Heading to the Southwest? Tony Hillerman is a must read. So is Michael McGarrity. Rick Riordan – who has now turned to young adult fantasy with great success – and made a lot more money than he ever did with his Tres Navarre series, wrote some damn good mysteries. Texas has a ton of quality authors like D. R. Meredith (her Sheriff Matthews and John Lloyd Branson series were both good), Bill Crider, and the new author Diane Kelly. New England is owned by Robert B Parker’s Spencer and Jesse Stone, though the grim and dark Dennis Lehane is almost as well known. Jeremiah Healy is a terrific author often lost in the shuffle. William G Tapply and his Brady Coyne books are better known, but only to hard core mystery fans and Bruce DeSilva has just broken into the scene with his Providence, RI based Liam Mulligan books.

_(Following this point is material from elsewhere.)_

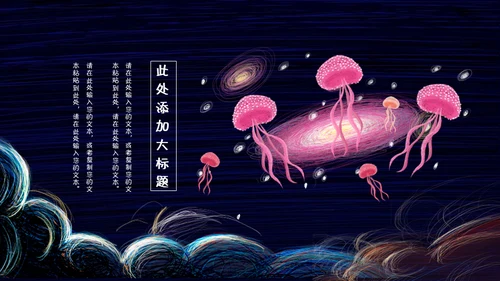 六一儿童节关爱儿童快乐童年通用PPT模板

NYC is the most visited US city and I grew up just 13 miles away, so I did a lot of wandering there as a kid, it’s also crown jewel of the mystery genre, especially for tough guy PI types. police procedural, and borderline horror/mystery. Lawrence Block’s Matt Scudder is an iconic character in the gritty tough guy genre – with titles like 8 Million Ways to Die and A Walk in the Bone Yard. Andrew Vachss’ Burke series are about as grim and gritty as it gets and F. Paul Wilson puts a horror spin on this with his Repairman Jack series. But you can find the more lighthearted side in Block’s other popular series, the Bernie Rhodenbarr Burglar books. Even Tim Cockey took up a pen name and wrote two excellent books set in NYC as Richard Hawke – the Fritz Malone books, both of which are really good reads, though minus the humor of his Hitchcock Sewell books. And that all time classic, The Thin Man, by Dashiell Hammett. By the way, despite the movie series, Hammett wrote just the one book, just as he only wrote one Sam Spade book, The Maltese Falcon. Go ahead, watch the movies, they’re good! (Yes, I own them too.)
There must be something in the air in Minnesota, or maybe it;s just those cold winters, but the state produced a remarkable corps of quality mystery writers. Steve Hamilton, John Sanford, William Kent Krueger, David Housewright and others. We steam on the streets of New Orleans and bayou country with James Lee Burke’s Dave Robicheaux. We walk in the rain and fog of Seattle with G.M. Ford and J.A. Jance’s J.P Beaumont, or down the mean streets of Detroit with Loren D Estleman’s Amos Walker.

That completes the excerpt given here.